Zijn lofzang op de Bijbel, op de Schrift, op de zogenaamde schoonheid van het koeterwaals dat hij opvoert als ‘de Tale Kanaäns’ is ronduit potsierlijk. De passages over zijn schandelijke drugsmisbruik, alcoholisme en hoerenbezoek zullen de tand des tijds niet doorstaan. In sommige landen zou hij al jaren de bak in zijn gegaan. Mocht dit werkje door de Nederlandse bibliotheken worden ingekocht – Wat God verhoede – dan zal het hopelijk in een niet al te verre toekomst hetzelfde lot ondergaan van sommige kinderboeken nu.

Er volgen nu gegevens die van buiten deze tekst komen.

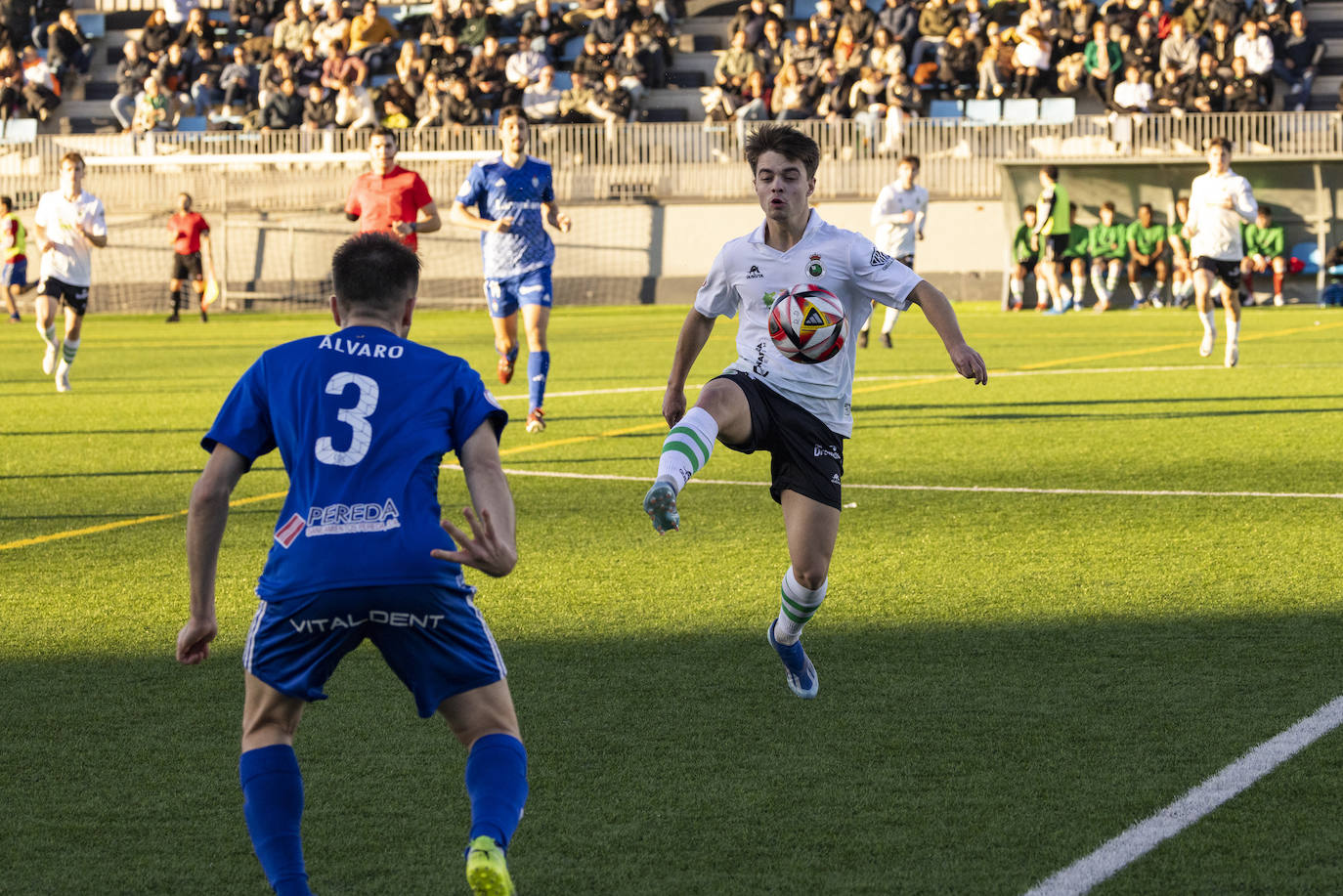 Neco Celorio, durante el partido ante el Covadonga.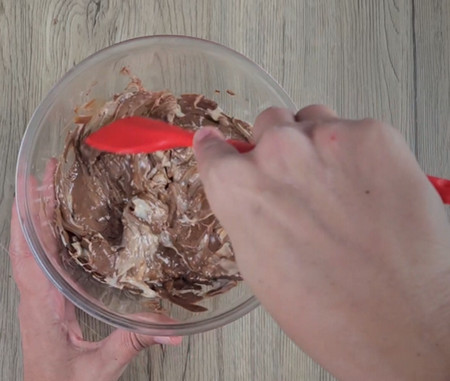 Layer cake recouvert de ganache Kinder Schoko-Bons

De hoop sterft het laatst, zeggen de Russen.
Arthur van Amerongen, Don Arturo.
Ik heb hem meegemaakt.
Ik heb hem gezien.

Niet kwijlend van gekte op de Veluwe, als een junk met een cold turkey trachtend wat dope te scoren in de krochten van Amsterdam, Rio de Janeiro of in Paraguay, waar hij ongezien en ongestraft zijn diepverborgen nazisympathieën kon botvieren en najagen, maar in Boedapest, in Olhão, in Tel Aviv, in Jeruzalem en aan de oevers van het Meer van Tiberias. We dronken biertjes, witte wijn, soms een kop mierzoete thee. Hoe is het in vredesnaam mogelijk, vroeg in me bij iedere gelegenheid weer af, dat zo’n geboren dubieuze grollenmaker, in het echte leven zo’n lief, kwetsbaar, ik zou bijna zeggen: breekbaar mens is? Zo breekbaar als Habsburgs porselein. Bovendien blijkt hij vervuld van een diepe humaniteit, altijd sympathie koesterend voor de underdog, met een scherp oog voor de gruwelen en het onrecht in dit ondermaanse. Een sociaaldemocraat van wie de internationale sociaaldemocratie alleen maar van kan dromen.

Hoe is dat mogelijk? Goddank is er een nieuwe generatie schrijvers in aantocht die deze paradox voor ons zal onthullen.
Later, als alles beter is.
Dat ik er zelf verschoond van moge blijven.